● EXERCISE AIM:
In the listing below, find the line with "Balenciaga Balenciaga World" and copy every line from there up to and including the line with "Czarna sukienka z", exactly and without pictures.

● DATA FOR THIS TASK:

● ● ● ● ● ● ●

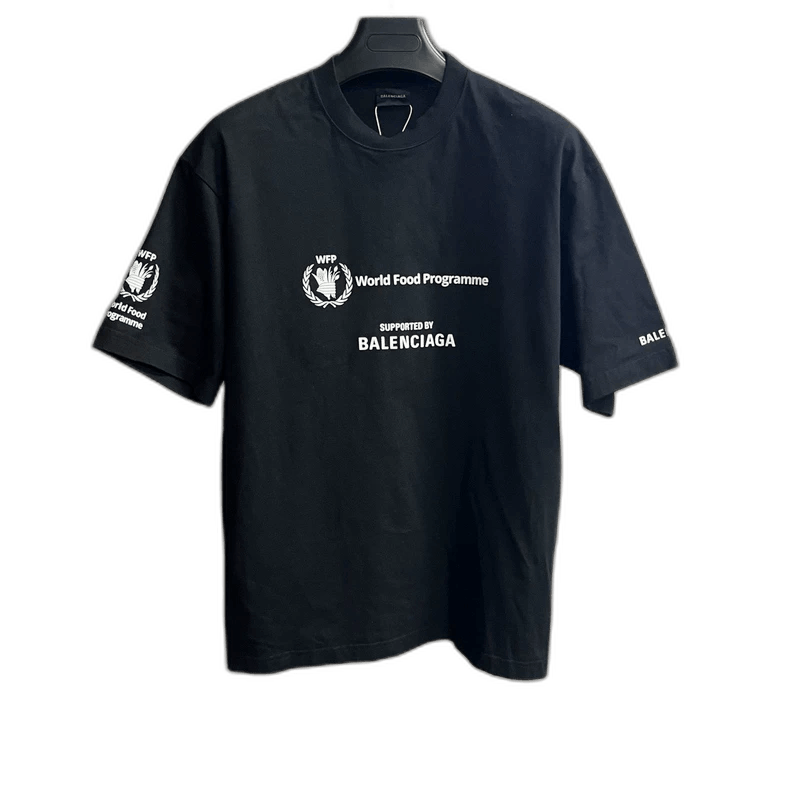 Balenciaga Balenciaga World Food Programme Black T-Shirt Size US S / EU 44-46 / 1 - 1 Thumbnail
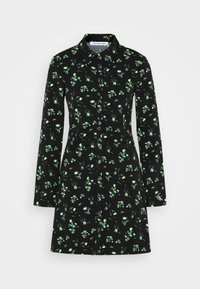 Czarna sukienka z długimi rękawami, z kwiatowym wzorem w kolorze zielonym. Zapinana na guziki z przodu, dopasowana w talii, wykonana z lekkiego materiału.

● ● ● ● ● ● ●

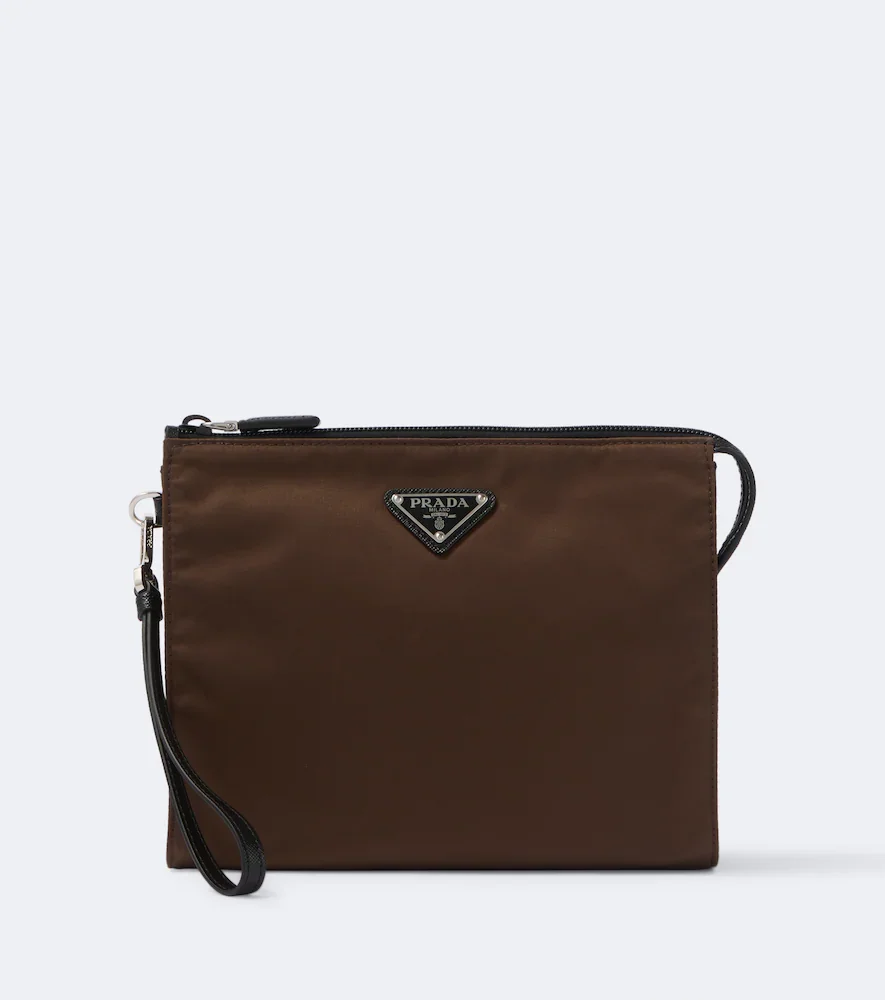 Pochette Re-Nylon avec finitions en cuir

● ● ● ● ● ● ●

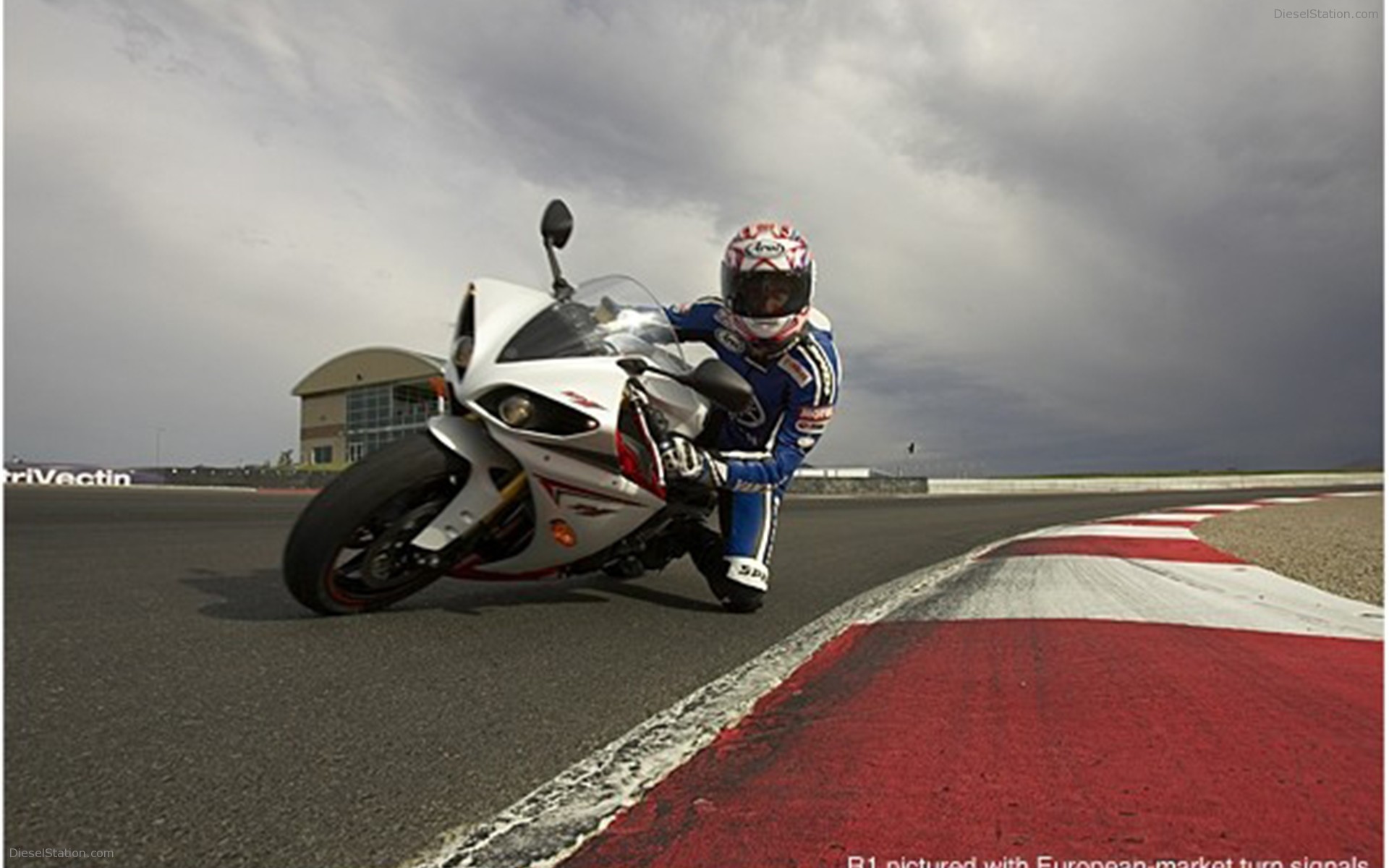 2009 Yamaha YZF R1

● ● ● ● ● ● ●

● EXERCISE OUTPUT:
 Balenciaga Balenciaga World Food Programme Black T-Shirt Size US S / EU 44-46 / 1 - 1 Thumbnail
 Czarna sukienka z długimi rękawami, z kwiatowym wzorem w kolorze zielonym. Zapinana na guziki z przodu, dopasowana w talii, wykonana z lekkiego materiału.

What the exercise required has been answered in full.